_MATERIAL PROVIDED_:
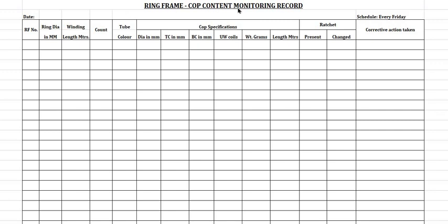The Ring Frame Cobb Content Monitoring Record includes: Date, Schedule, Ring Frame Number, Ring Diameter in millimeters, Winding Length in Meters, Count, Tube Color, and Cobb Specification.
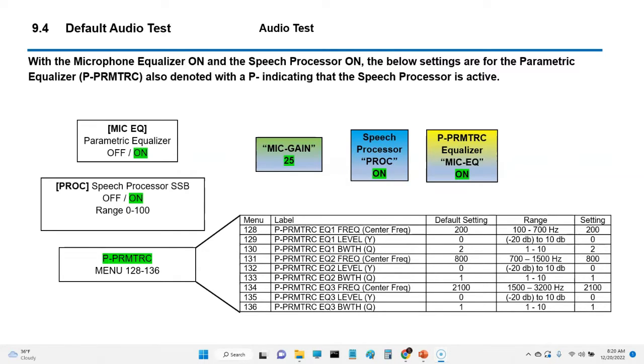Now I have the parametric equalizer on with the speech processor — one, two, three, four, three, two, one. Now I'm going to turn off the speech processor.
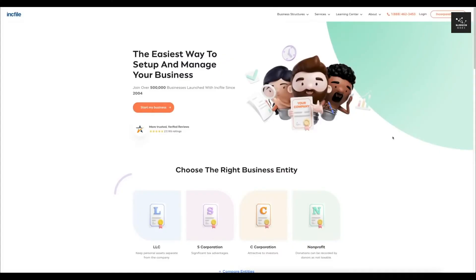So I'm here in IncFile main page. You guys can get to this link by clicking on the link in the description below and what I'm going to do is I'm going to come up here and click start my business.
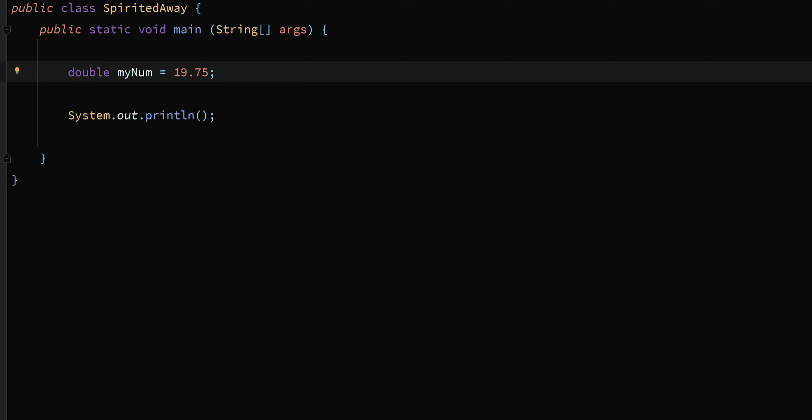The default data type is called double. Double is what we're going to spend most of the remainder of the video on — looking at, showing off examples — and what we'll commonly use in later videos when we need floating point data types.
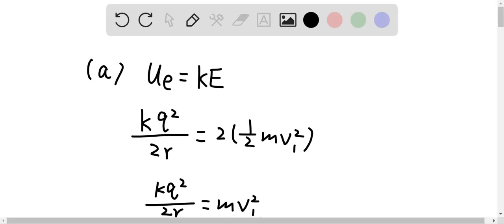Due to the energy conservation law, the potential energy must be equal to the kinetic energy of the particles. So we have kq² over 2r is equal to 2 times ½mv₁². The distance between the particles is 2r because each particle has radius r, and since there are two particles, the distance between them is 2r, which is the diameter.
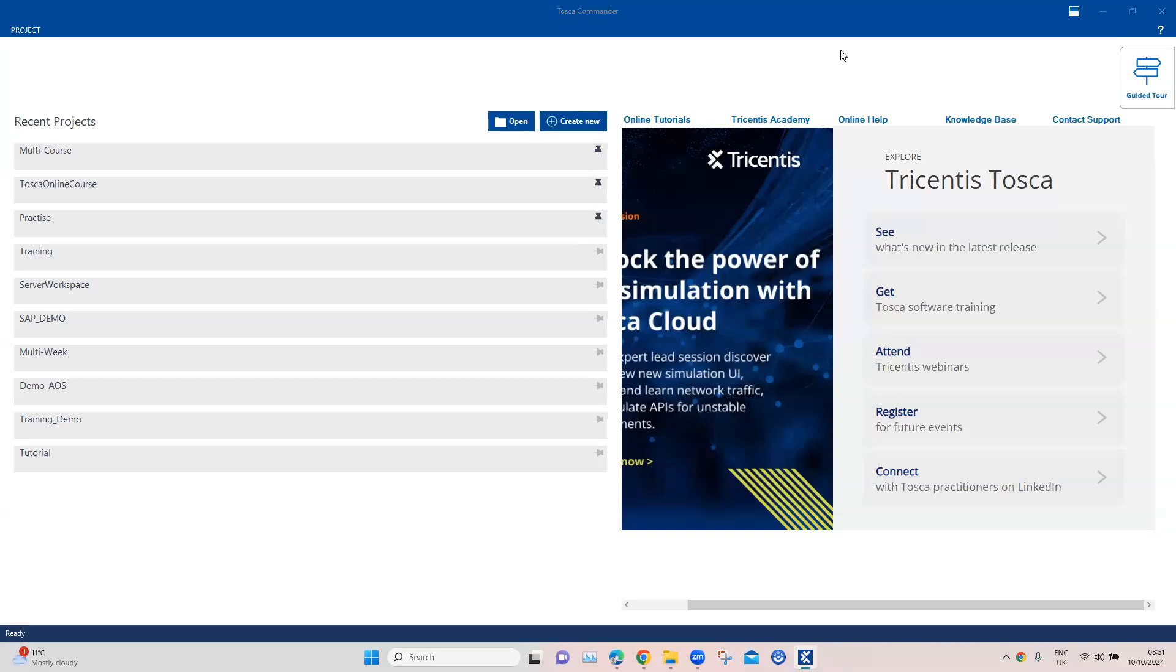Hey there, welcome back to this playlist on Tosca 2024. We are talking about all the latest features which have been recently introduced into Tosca. Let's talk about our next latest feature, which allows you to find all the broken links either on a web page or on a PDF.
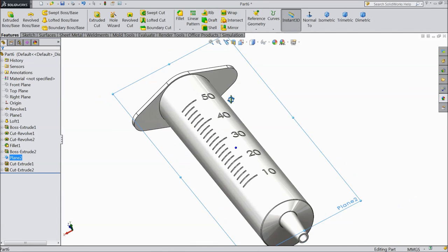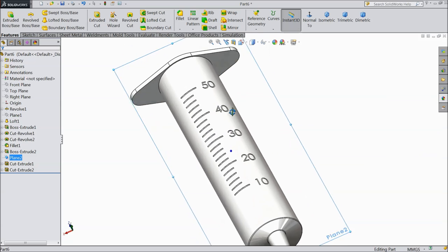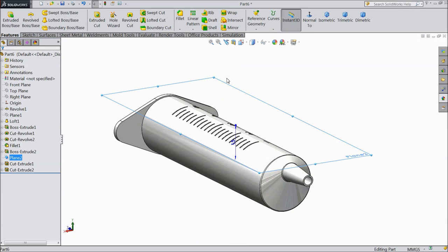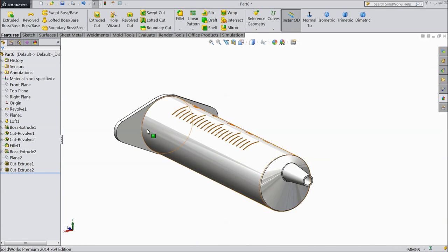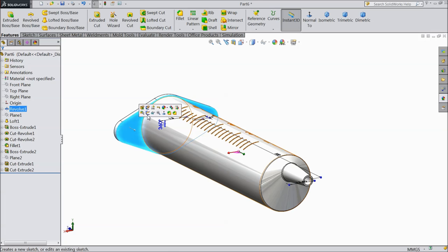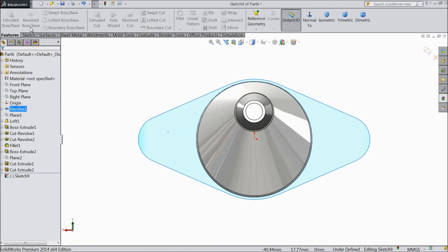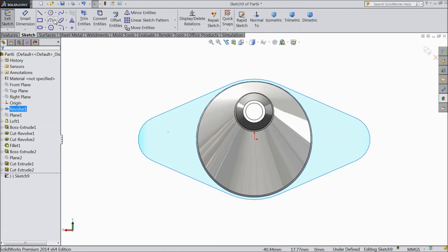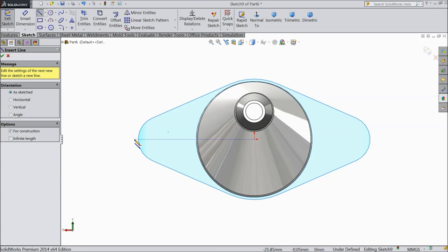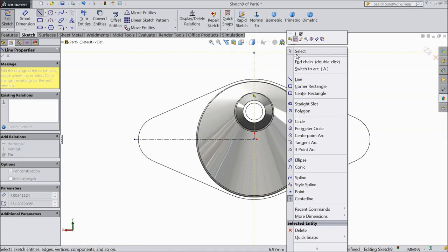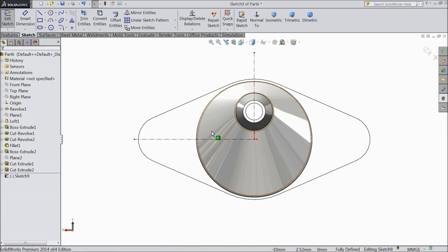Now see — the numbers are projected. Now hide this plane. Select this face, sketch normal.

_WORK INSTRUCTIONS_: Copy the lines from the line that contains "Hey there, welcome" through the end of the records, exactly and with nothing added; leave the pictures out.

_YOUR RESPONSE_:
Hey there, welcome back to this playlist on Tosca 2024. We are talking about all the latest features which have been recently introduced into Tosca. Let's talk about our next latest feature, which allows you to find all the broken links either on a web page or on a PDF.
Now see — the numbers are projected. Now hide this plane. Select this face, sketch normal.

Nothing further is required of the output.